By posting in this board, you are agreeing to all the terms below and acknowledging that you clearly understand these Rules (subject to change at any time).

*Seller Types*

Occasional Sellers - Those members who are looking to sell personal items, but do not have any form of online store
Member Sellers - Those members who are looking to sell both personal items as well as items for resale. Member Sellers may also have "personal" online stores on eBay, Facebook, Etsy, or their own website. Member Sellers' website or selling channel will be listed in a single "sticky" thread at the top of this board
Commercial Sellers - Those member accounts aligned with a commercial entity or brand who derive all or substantial portion of their income from the sale of clothing or accessories.
*Seller Restrictions*

Occasional Sellers have no thread post limit, however, may not have more than $1,000 of active listings at a time
Member Sellers have no thread post limit, however, may not have more than $1,500 of active listings at a time
Commercial Sellers may post up to 2 threads per month, with a maximum value of $1,000 of active listings at a time
*Posting Rules (Applies to ALL SELLERS)*

NO linking to any external stores or website (eBay, Facebook, Etsy, website, etc.) within threads/posts or your signature.
Sellers may only sell (1) item or (1) type of item per thread. If selling more than (1) quantity of the item type, all items must be priced the same.
Thread MUST contain a clear thread title, detailed description, pricing information, and at least one (1) photo. The more photos, the better.
Pricing information MUST appear at the top of the thread content.
State the condition of what you are selling, e.g.: NWT, NWOT, NIB, Used, Excel, etc.
State the location/shipping info unless you are shipping free.
*Item Type Information*

As noted above, each thread may only contain (1) item or (1) type of item.

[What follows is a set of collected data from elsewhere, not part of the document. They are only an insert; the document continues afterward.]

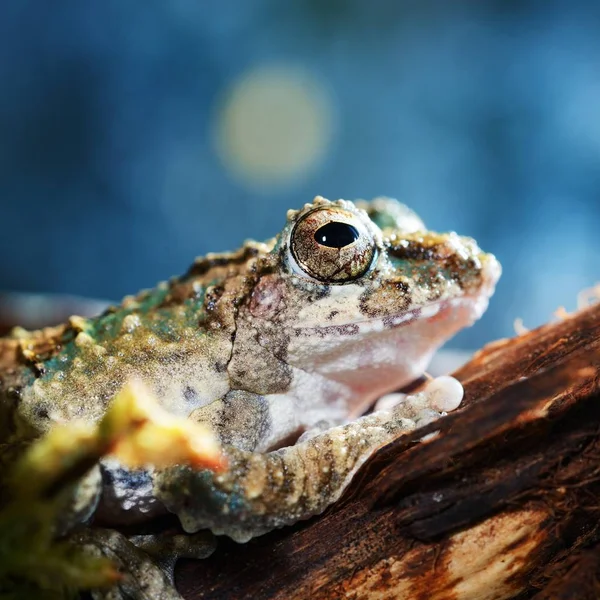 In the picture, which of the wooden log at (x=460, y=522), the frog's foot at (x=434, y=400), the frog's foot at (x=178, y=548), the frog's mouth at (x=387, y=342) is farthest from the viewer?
the frog's mouth at (x=387, y=342)

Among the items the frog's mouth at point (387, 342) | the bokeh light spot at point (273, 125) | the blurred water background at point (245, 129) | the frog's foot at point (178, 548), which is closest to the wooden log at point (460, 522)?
the frog's foot at point (178, 548)

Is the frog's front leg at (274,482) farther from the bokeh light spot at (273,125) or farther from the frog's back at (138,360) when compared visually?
the bokeh light spot at (273,125)

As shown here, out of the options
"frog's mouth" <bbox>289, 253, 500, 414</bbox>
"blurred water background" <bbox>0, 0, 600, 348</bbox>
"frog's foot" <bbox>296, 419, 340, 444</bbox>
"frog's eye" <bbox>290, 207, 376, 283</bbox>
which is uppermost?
"blurred water background" <bbox>0, 0, 600, 348</bbox>

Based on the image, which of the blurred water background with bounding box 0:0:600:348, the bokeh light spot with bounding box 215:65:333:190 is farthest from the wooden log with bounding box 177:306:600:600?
the bokeh light spot with bounding box 215:65:333:190

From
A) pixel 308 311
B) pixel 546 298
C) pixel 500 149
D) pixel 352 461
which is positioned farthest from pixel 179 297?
pixel 500 149

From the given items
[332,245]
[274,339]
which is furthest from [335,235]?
[274,339]

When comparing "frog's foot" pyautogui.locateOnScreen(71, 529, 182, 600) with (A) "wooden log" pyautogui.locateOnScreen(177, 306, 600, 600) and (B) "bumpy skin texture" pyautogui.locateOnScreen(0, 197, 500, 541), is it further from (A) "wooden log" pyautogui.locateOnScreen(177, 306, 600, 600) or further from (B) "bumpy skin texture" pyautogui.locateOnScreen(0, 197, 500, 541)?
(B) "bumpy skin texture" pyautogui.locateOnScreen(0, 197, 500, 541)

For example, if you are selling one tie, the listing should meet all of the above criteria from the *Posting Rules* section.

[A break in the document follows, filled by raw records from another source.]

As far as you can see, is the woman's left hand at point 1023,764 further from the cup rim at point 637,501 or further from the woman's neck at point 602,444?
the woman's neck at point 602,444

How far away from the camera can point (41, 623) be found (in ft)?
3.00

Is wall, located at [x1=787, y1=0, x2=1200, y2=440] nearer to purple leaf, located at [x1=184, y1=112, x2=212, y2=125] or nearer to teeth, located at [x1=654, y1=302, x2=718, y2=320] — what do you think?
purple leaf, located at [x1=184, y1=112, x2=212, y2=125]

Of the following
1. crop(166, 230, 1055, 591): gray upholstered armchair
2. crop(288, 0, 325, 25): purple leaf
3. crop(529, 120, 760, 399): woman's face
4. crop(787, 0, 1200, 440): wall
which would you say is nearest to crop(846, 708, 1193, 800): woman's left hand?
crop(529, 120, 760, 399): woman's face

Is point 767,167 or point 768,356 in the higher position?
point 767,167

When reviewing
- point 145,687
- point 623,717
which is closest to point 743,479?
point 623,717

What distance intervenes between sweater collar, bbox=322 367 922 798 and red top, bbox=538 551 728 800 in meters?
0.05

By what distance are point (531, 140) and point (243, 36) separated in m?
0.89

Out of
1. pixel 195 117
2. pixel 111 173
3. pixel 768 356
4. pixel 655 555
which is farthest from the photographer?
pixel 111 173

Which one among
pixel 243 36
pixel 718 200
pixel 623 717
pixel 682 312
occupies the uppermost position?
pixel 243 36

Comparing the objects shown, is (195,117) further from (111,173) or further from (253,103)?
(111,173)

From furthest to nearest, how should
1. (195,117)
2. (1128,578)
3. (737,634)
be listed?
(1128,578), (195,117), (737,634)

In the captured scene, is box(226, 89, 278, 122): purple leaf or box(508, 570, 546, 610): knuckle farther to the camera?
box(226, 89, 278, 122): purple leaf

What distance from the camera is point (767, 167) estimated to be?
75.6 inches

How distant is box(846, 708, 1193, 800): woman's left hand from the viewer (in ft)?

If you are selling 10 ties, all ties MUST be priced the same within the listing, and you must provide photos for each dissimilar item. Meaning, if you are selling (5) blue ties and (5) red ties, you must provide photos of each color tie.

The above policy must be followed for any item type being sold, not just ties.

*Descriptive Titles*

For the benefit of all, each thread title should be as descriptive as possible and contain the brand and type of product for sale.

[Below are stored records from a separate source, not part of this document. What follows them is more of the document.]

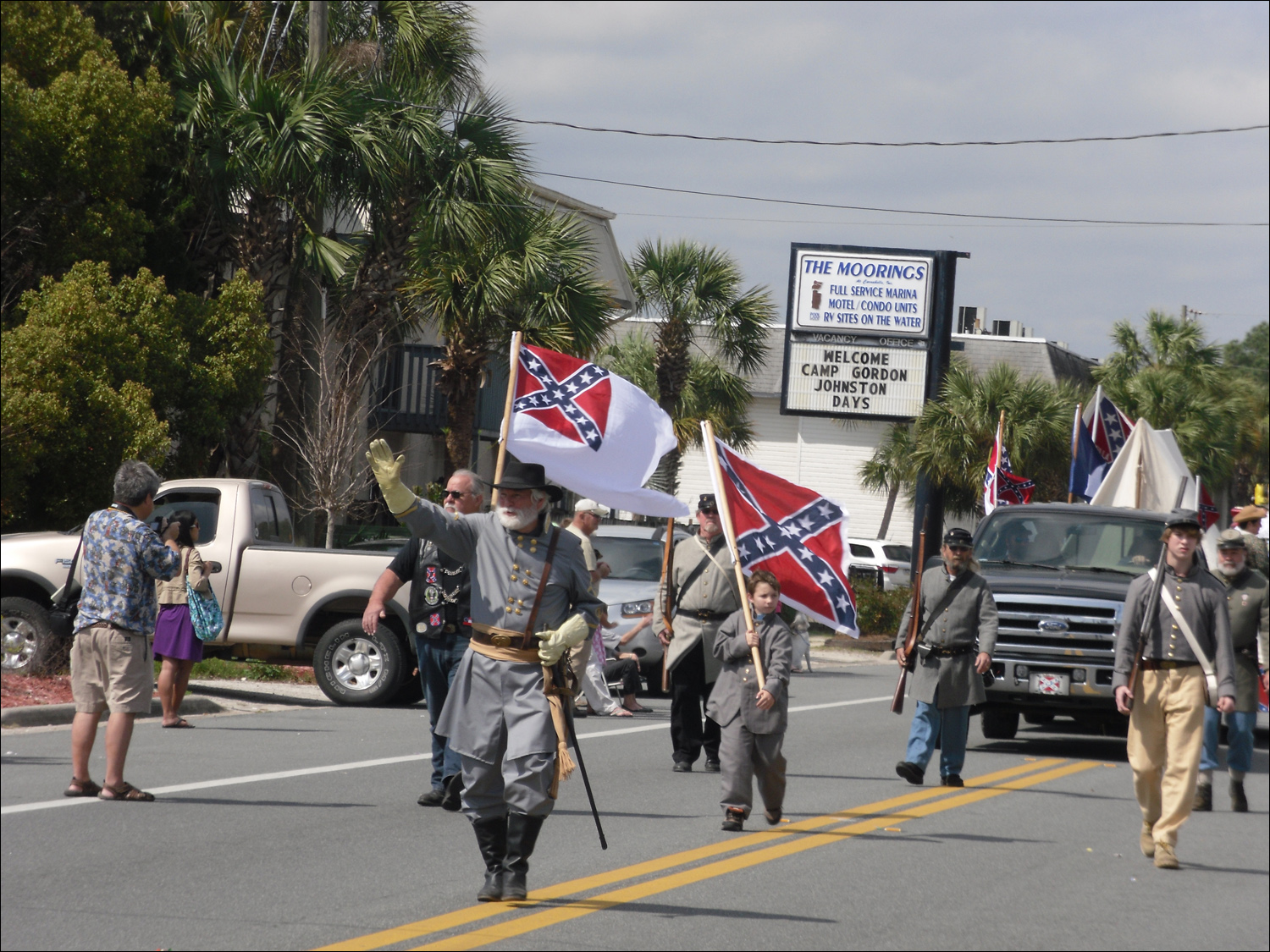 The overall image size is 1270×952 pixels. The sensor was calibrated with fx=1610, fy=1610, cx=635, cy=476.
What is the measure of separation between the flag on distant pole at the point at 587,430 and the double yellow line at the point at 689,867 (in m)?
2.51

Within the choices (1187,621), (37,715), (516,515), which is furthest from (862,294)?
(516,515)

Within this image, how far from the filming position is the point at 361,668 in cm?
1539

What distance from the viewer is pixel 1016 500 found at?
19.5m

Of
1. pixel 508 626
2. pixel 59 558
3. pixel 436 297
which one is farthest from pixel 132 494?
pixel 59 558

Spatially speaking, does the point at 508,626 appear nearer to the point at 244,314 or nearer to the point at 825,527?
the point at 825,527

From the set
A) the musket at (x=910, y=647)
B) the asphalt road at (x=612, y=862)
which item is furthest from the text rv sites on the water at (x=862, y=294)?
the musket at (x=910, y=647)

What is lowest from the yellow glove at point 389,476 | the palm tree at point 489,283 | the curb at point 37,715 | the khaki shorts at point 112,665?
the curb at point 37,715

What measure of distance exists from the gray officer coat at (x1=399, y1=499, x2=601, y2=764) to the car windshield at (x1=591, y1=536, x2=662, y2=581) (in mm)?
13358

Example: 5 Beautiful Ralph Lauren Ties | Like New | $15 each

*Bumping Threads (Unsold Items)*

Bumping threads of unsold items is allowed, once per week only.

*Sold Items*

Once an item has been sold, the seller MUST add the "Sold" prefix to thre thread title.

*Questions?*

Please send any questions, comments or suggestions via our Contact page.


----------



## iam.mike

*Setting "sold" Prefix*

1. Open Thread
2. Click Thread Tools > Edit Title
3. Select "sold" from 'prefix' box dropdown selection


----------